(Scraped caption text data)

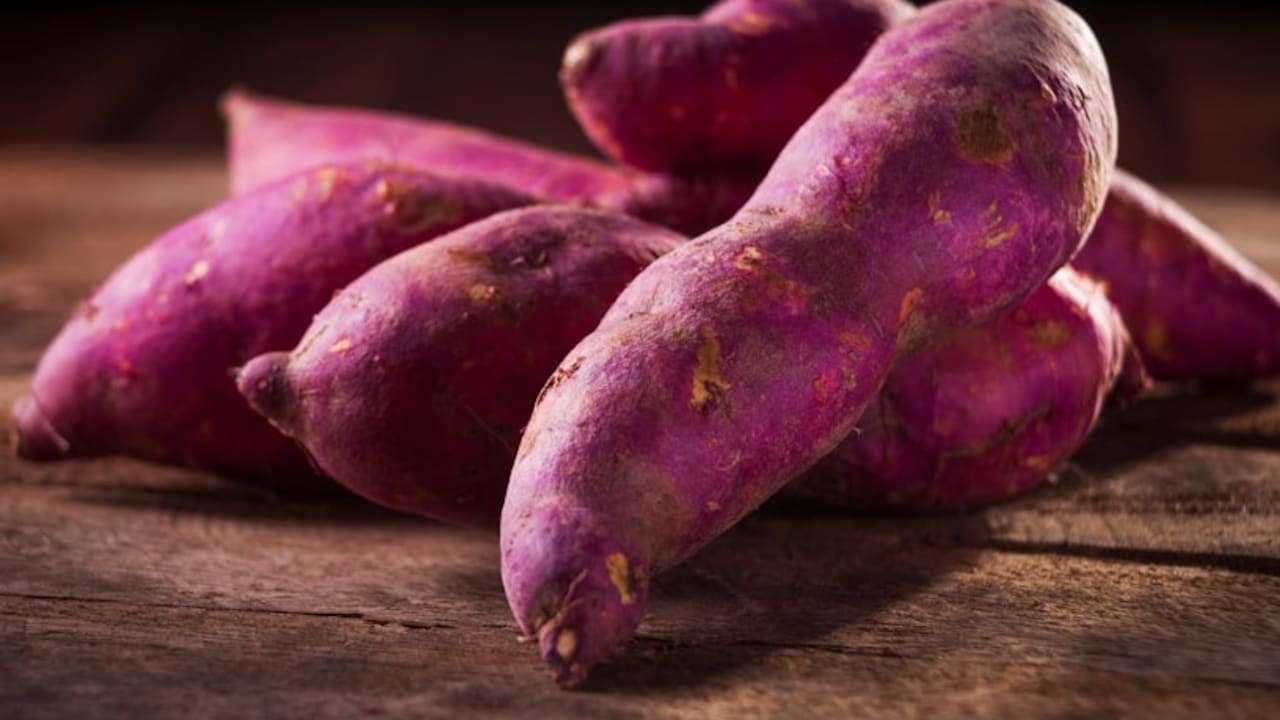 Struggling With PMOS? Nutritionist Suggests 4 Everyday Vegetables To Manage Hormonal Imbalance
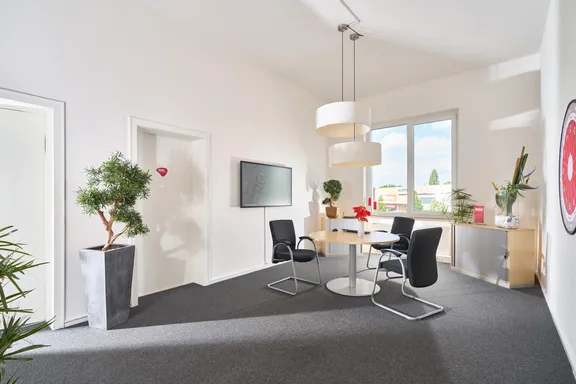 ERGO Versicherung Hannover - Dean Ahlborn Jordanstraße 26 30173 Hannover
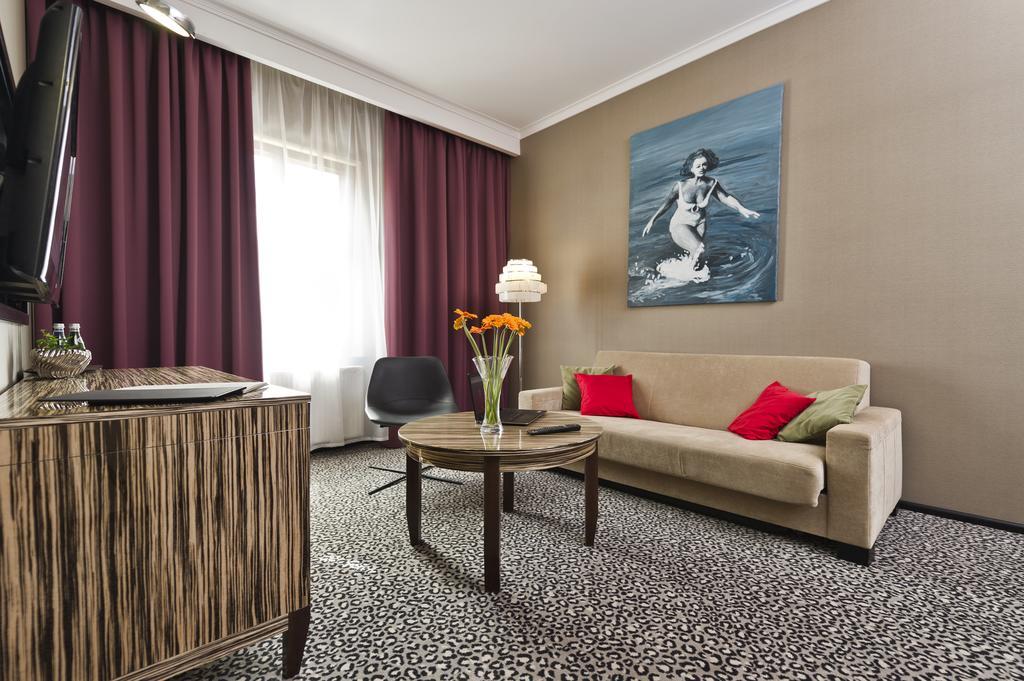 Hotel Fado Spa & Restaurant Świdnica Eksteriør bilde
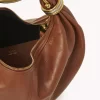 Bolso Hobo pequeño tipo pulsera en piel granulada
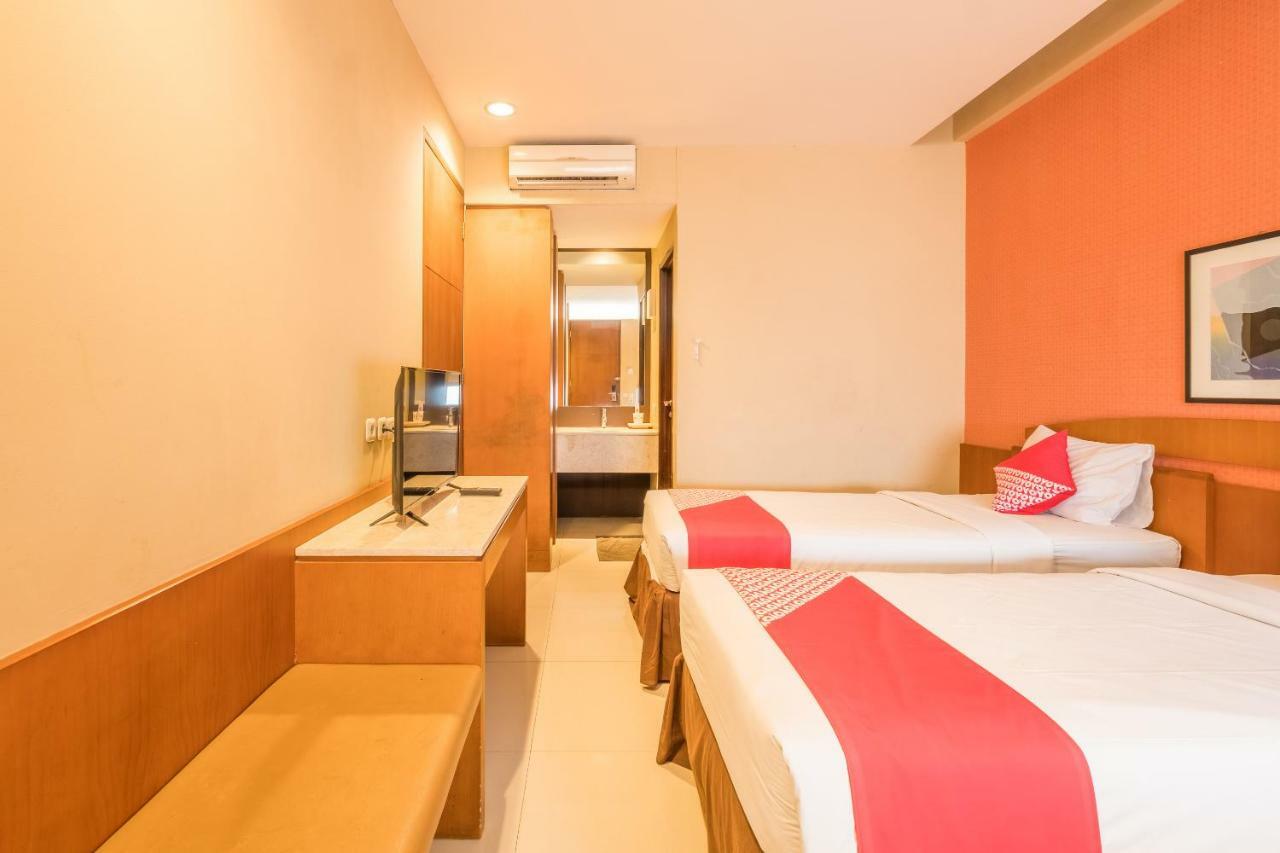 Capital O 874 Hotel Nyland Pasteur 반둥 외부 사진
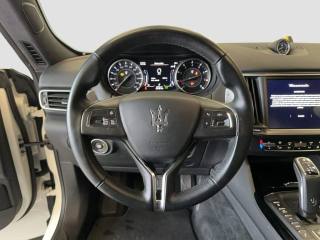 MASERATI Levante usata 10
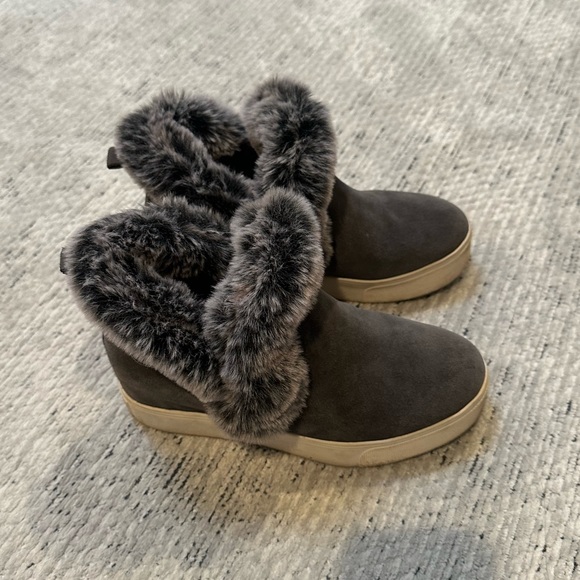 Jslides grey suede boot with fur size 7 - Picture 3 of 4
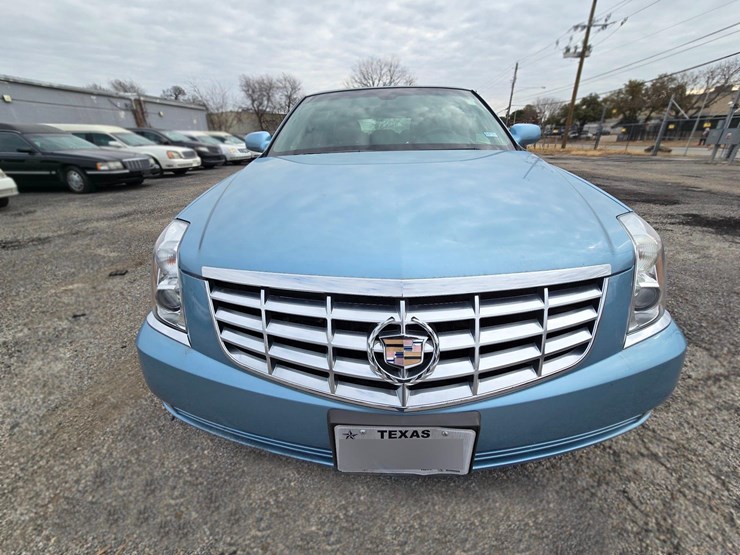 2006-cadillac-gm-superior-coach-6-door-limousine---only-21,567-miles-image-9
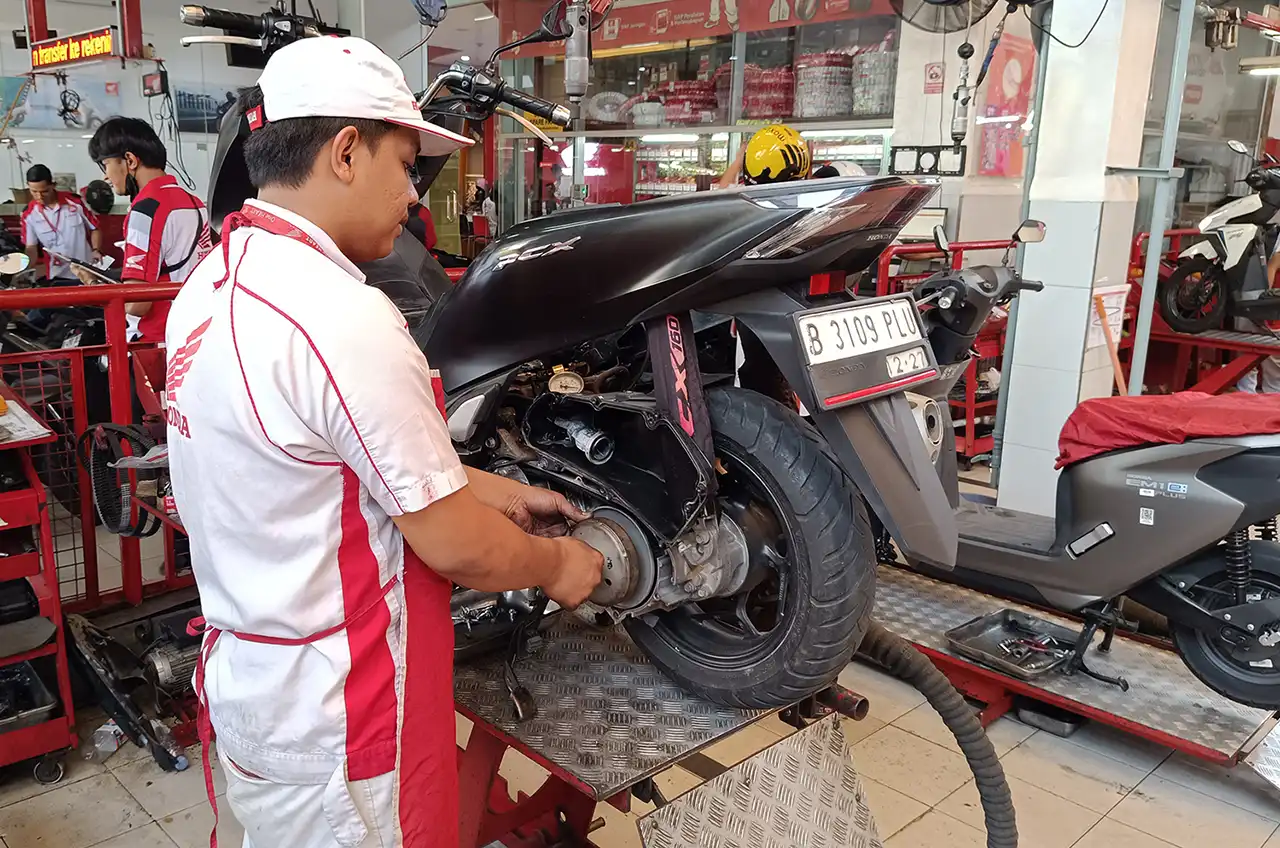 Promo Harpelnas Servis Motor Honda, Dapatkan Diskon Jasa 20 Persen Di 284 AHASS Jakarta - Tangerang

## Work instructions
Output all of the data above exactly; no pictures should appear.

## Solution to this exercise
 Struggling With PMOS? Nutritionist Suggests 4 Everyday Vegetables To Manage Hormonal Imbalance
 ERGO Versicherung Hannover - Dean Ahlborn Jordanstraße 26 30173 Hannover
 Hotel Fado Spa & Restaurant Świdnica Eksteriør bilde
 Bolso Hobo pequeño tipo pulsera en piel granulada
 Capital O 874 Hotel Nyland Pasteur 반둥 외부 사진
 MASERATI Levante usata 10
 Jslides grey suede boot with fur size 7 - Picture 3 of 4
 2006-cadillac-gm-superior-coach-6-door-limousine---only-21,567-miles-image-9
 Promo Harpelnas Servis Motor Honda, Dapatkan Diskon Jasa 20 Persen Di 284 AHASS Jakarta - Tangerang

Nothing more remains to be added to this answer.